American actress (born 1984)

Jillian Murray (born June 4, 1984) is an American actress. She is known for her roles as Portlyn on Sonny with a Chance, Olivia on MTV's Awkward, Gwen Adams in American High School, Lex Mitchell in Forget Me Not, Brandi Cox in Wild Things: Foursome, and as the body model for Dr. Liara T'Soni for the Mass Effect video game series. She played Dr. Heather Pinkney in the first two seasons of the CBS medical drama Code Black.

==Early life==
Murray was born in Reading, Pennsylvania, and grew up in Wyomissing in Berks County, Pennsylvania. In 1998, she and her parents moved to Tucson, Arizona; Murray later relocated to Los Angeles to pursue a career in film.

==Career==
Murray made her film debut in the 2003 independent film Deep Toad as Natashia. She was later cast in Fifty Pills as Jayne, followed by Legacy, also known as Pretty Little Devils. Her first leading role was in The Fun Park, a 2007 indie horror flick, playing a mentally unstable girl.

In 2009, Murray portrayed Gwen Adams in the romantic comedy American High School. She later played Heather in the spoof comedy An American Carol, Abby Graves in the cult horror The Graves, and Lex Mitchell in Forget Me Not.

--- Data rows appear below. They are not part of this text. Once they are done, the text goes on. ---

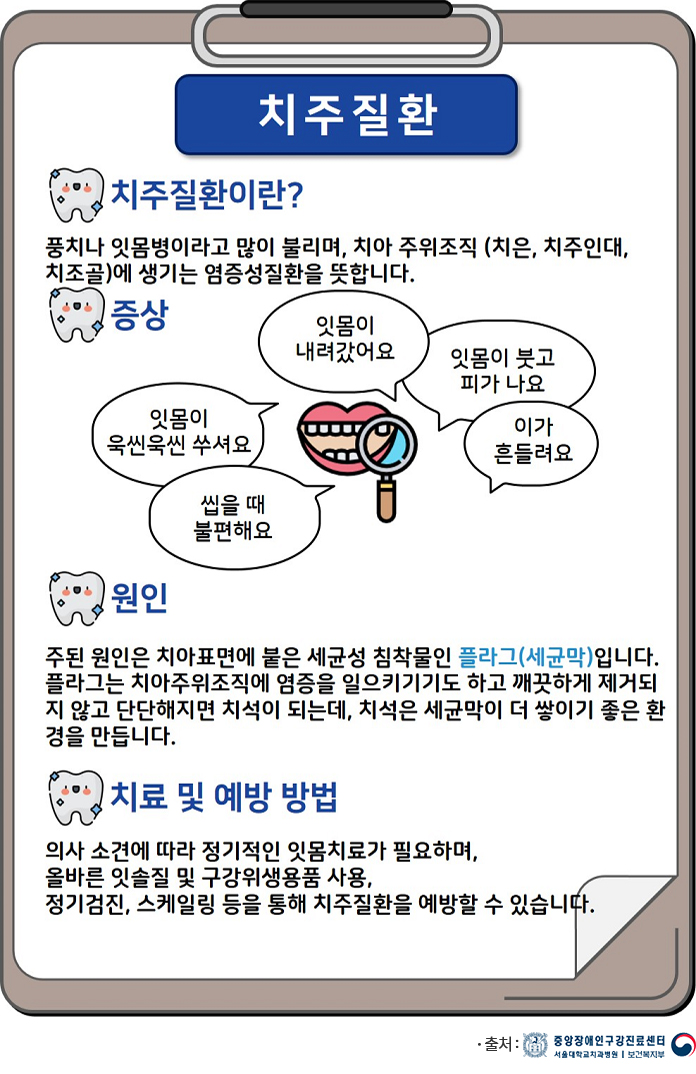 구강건강상식 치주질환
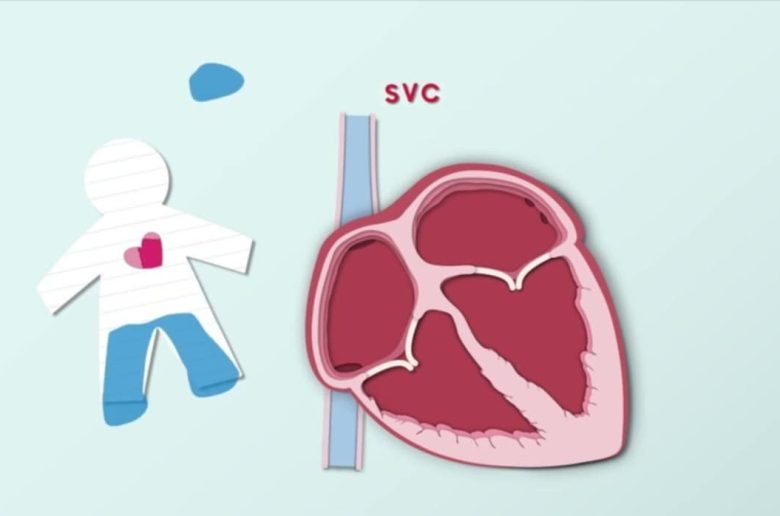 عيوب الحاجز الأذيني لدى الأطفال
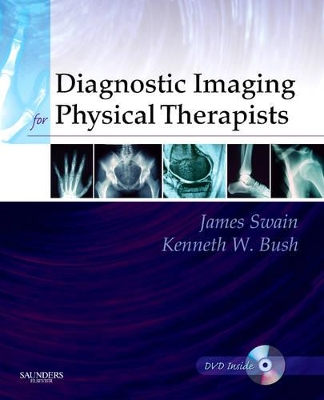 Diagnostic Imaging for Physical Therapists by James Swain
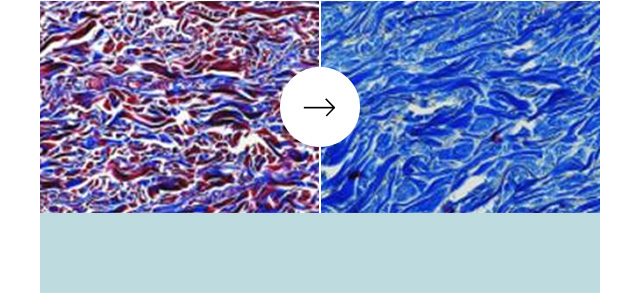 コラーゲン増加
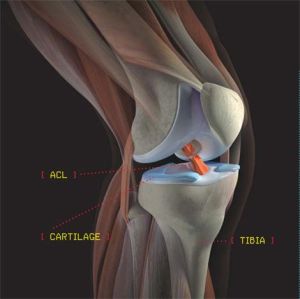 關節積液 關節積液
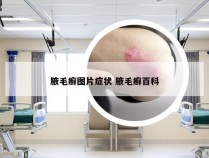 腋毛癣图片症状 腋毛癣百科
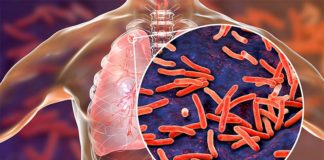 Varios compuestos candidatos a antibióticos son prometedores contra la tuberculosis Tuberculosis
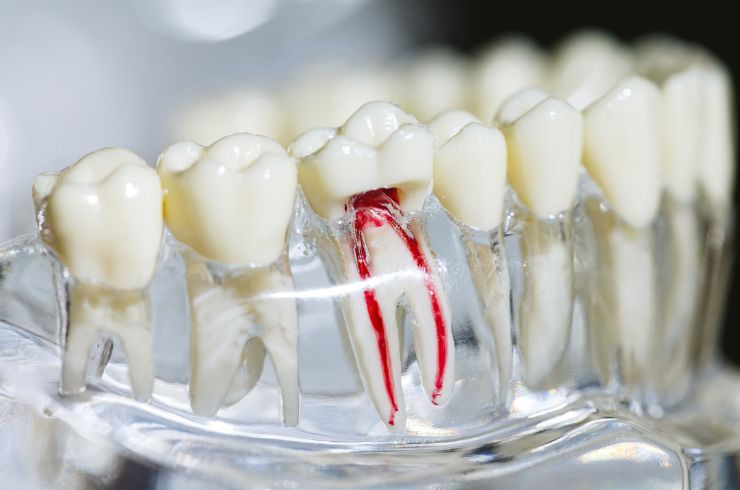 Root canal treatment Haripriya Multispeciality Dental Clinic, Dr. Uma Sundari Popuri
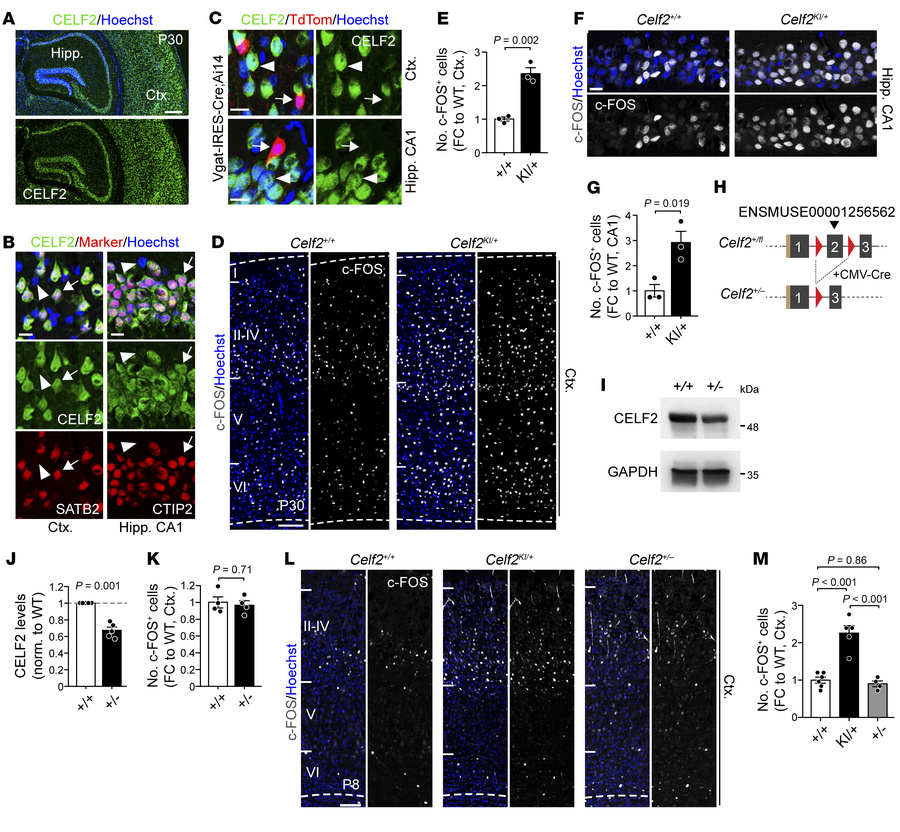 CELF2 mislocalization, not LoF, causes neuronal hyperactivity in mice.
(...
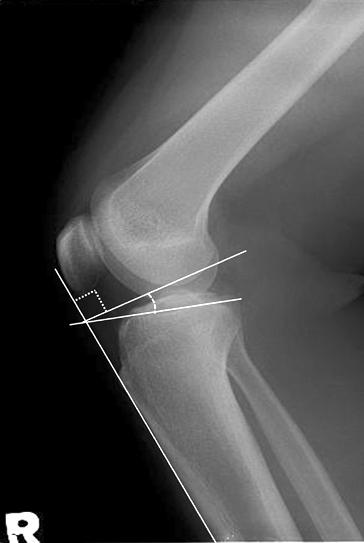 210 리를측정하였다 (Fig. 1) 22). 또한환자개개인의키에따른대퇴과간절흔폭의차이를교정하기위해대퇴과간절흔폭및높이의비를측정하여비교하였다. 후방경골경사각은 Bae 등 4) 에의해기술된무릎의측면단순방사선영상에서경골근위부피질골의전연을이은선의수직선과경골내과고평부를이은선이이루는각으로정의하였다 (Fig. 2).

Murray starred in a recurring role on the Disney Channel original series Sonny with a Chance, playing Portlyn. She was offered a series regular role after the 4th episode but declined due to many film offers on the table. She landed the lead female role in the comedy Cougar Hunting playing Penelope (Lara Flynn Boyle's daughter), as well as the female lead in her first studio film in Wild Things: Foursome playing Brandi Cox. After wrapping that film in 2010 she was offered the lead female in her second studio film Never Back Down 2: The Beatdown playing Eve. This film is where she met her longtime boyfriend Dean Geyer.

Murray's face and body were used as the model for the character of Liara T'Soni in the Mass Effect franchise of video games. She appeared in the premiere episode of the 2011 revival of the reality series Fear Factor (where she came in second place and lost the first place title because her partner fell).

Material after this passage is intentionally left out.